If the first dive was a disappointment the second was a disaster. We were lined up for Gordon Rocks, a spot known for difficult conditions and reserved only for experienced divers. To cut a long story short the current was insane, one diver was forced to buddy breath, we spent the majority of the dive hanging on to rocks for dear life and Fi chewed through her own air in record time. At one point I was literally being stretched during my best possible attempts at something akin to a safety stop – one outstretched hand on a rock and the other fully extended in the opposite direction holding onto Fi as the current ripped over both of us. When I eventually let go we were simply whipped up to the surface; far from safe.
I had a stonking headache for my troubles and I couldn’t wait to get out of the water. The boat ride back took forever but it gave us an opportunity for a good lunch and to vent our collective frustrations between ourselves.
That evening we hit Cafe Hernan along with Dennis & Suree from our hostel and Miro & Sarah from our earlier time in Puerto Ayora and had a cool evening over beers and pizza.
This late in our trip we were not used to being constantly ‘on it’ anymore so when the opportunity for a rest day presented itself it was met with glee. The chance to sleep in past 6:30 was the first hit of the day and I spent most of the morning preparing and eventually publishing a blog post. We took a wander toward town via the Lavanderia where the kind lady agreed it would be no problem to turn our washing around in just a few hours.
After a simple Ecuadorian lunch and some errands we were back to the Homestay where we spied Suzanne – one of our friends from Rio – who’d just checked in!
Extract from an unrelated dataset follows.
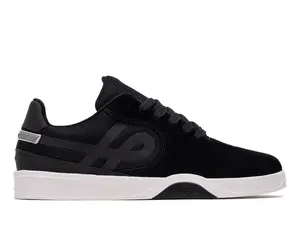 TENIS OUS IMIGRANTE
A chance rendezvous indeed and much catching up followed before Suzanne left for her intro tour with Kevin and Marleen from Holland who’d also just arrived.
We sorted this and that for our imminent tour and caught up with Dennis when he returned from his dives (he typically saw loads of Hammerhead sharks and we were happy for him but gutted we’d missed out). While we’d hoped to see Suzanne for a beer we were destined not to cross paths and we had to head over to the tour agency sort our snorkel gear in advance of next morning’s departure. You can imagine my delight at the opportunity to slip on a soaking wetsuit just prior to a meal out and I was left without fins, with the promise that they’d be provided on arrival in San Cristobal.
Gear sorted as well as could be we rendezvoused with Miro & Sarah for the last time and enjoyed good food and good company.
On reflection the majority of this gallery is the Charles Darwin Research Centre back in Puerto Ayora but there are some snaps of the second Galapagos isle we visited – Isabela. We had nice couple of nights there and I got to swim on my own with a sea lion before our compact camera bit the dust. 2 camera’s down and we weren’t even halfway through our Galapagos Trip!